Skip to content

scandeval

source package scandeval

ScandEval - A benchmarking framework for language models.

Classes

  • Benchmarker Benchmarking all the Scandinavian language models.

Functions

source class Benchmarker(save_results: bool = True, task: str | list[str] | None = None, dataset: list[str] | str | None = None, language: str | list[str] = 'all', model_language: str | list[str] | None = None, dataset_language: str | list[str] | None = None, device: Device | None = None, batch_size: int = 32, raise_errors: bool = False, cache_dir: str = '.scandeval_cache', api_key: str | None = None, force: bool = False, verbose: bool = False, trust_remote_code: bool = False, use_flash_attention: bool | None = None, clear_model_cache: bool = False, evaluate_test_split: bool = False, few_shot: bool = True, num_iterations: int = 10, api_base: str | None = None, api_version: str | None = None, debug: bool = False, run_with_cli: bool = False, only_allow_safetensors: bool = False)
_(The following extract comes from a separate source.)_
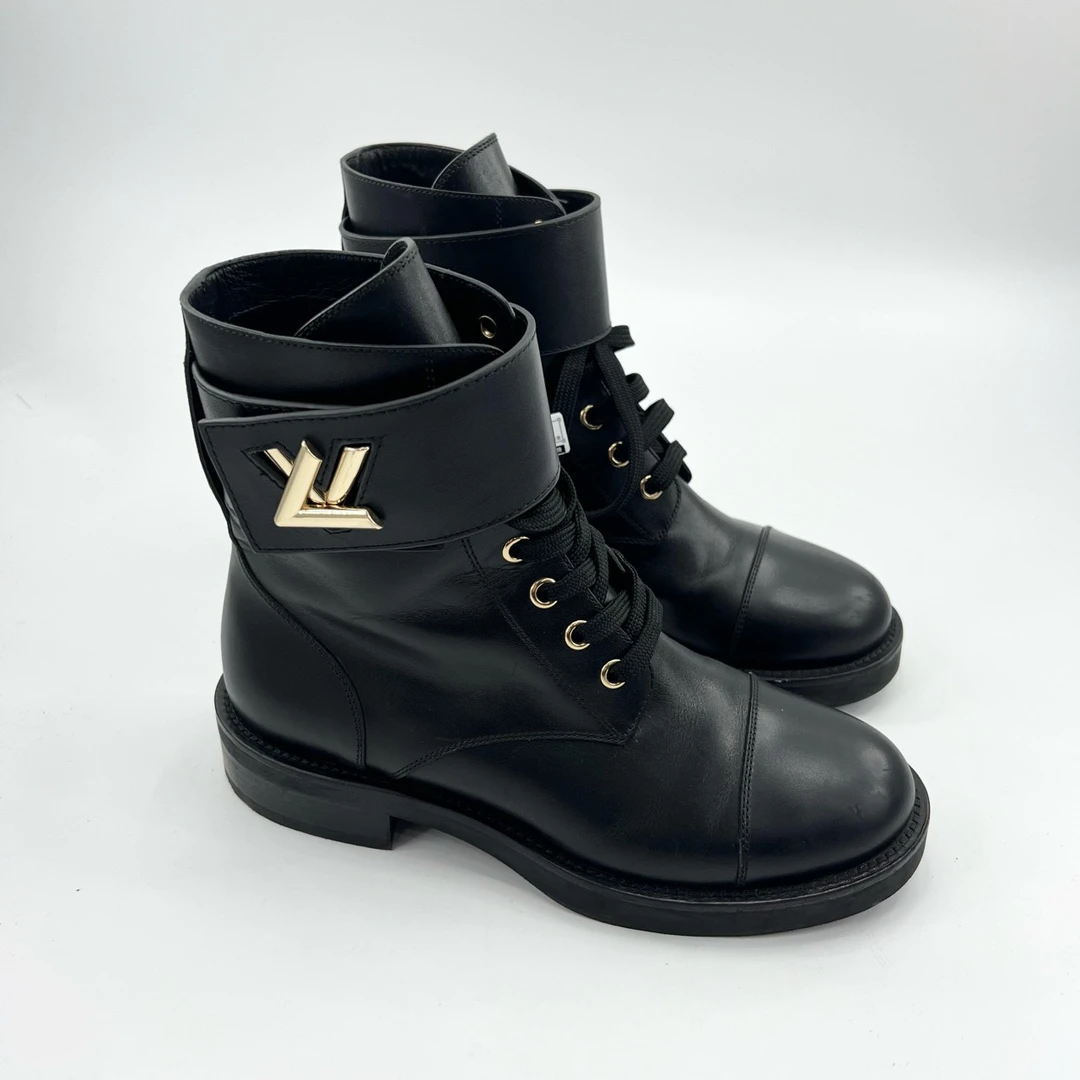 95新 LouisVuitton/路易威登 36码/黑金锁扣短靴/pp426224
Benchmarking all the Scandinavian language models.

Initialise the benchmarker.

Attributes

  • benchmark_config_default_params

    The default parameters for the benchmark configuration.

  • benchmark_config

    The benchmark configuration.

  • force

    Whether to force evaluations of models, even if they have been benchmarked already.

  • results_path

    The path to the results file.

  • benchmark_results : list[BenchmarkResult]

    The benchmark results.

Parameters

  • progress_bar : bool

    Whether progress bars should be shown. Defaults to True.

  • save_results : bool

    Whether to save the benchmark results to 'scandeval_benchmark_results.jsonl'. Defaults to True.

  • task : str | list[str] | None

    The tasks benchmark the model(s) on. Mutually exclusive with dataset. If both task and dataset are None then all datasets will be benchmarked.

  • dataset : list[str] | str | None

    The datasets to benchmark on. Mutually exclusive with task. If both task and dataset are None then all datasets will be benchmarked.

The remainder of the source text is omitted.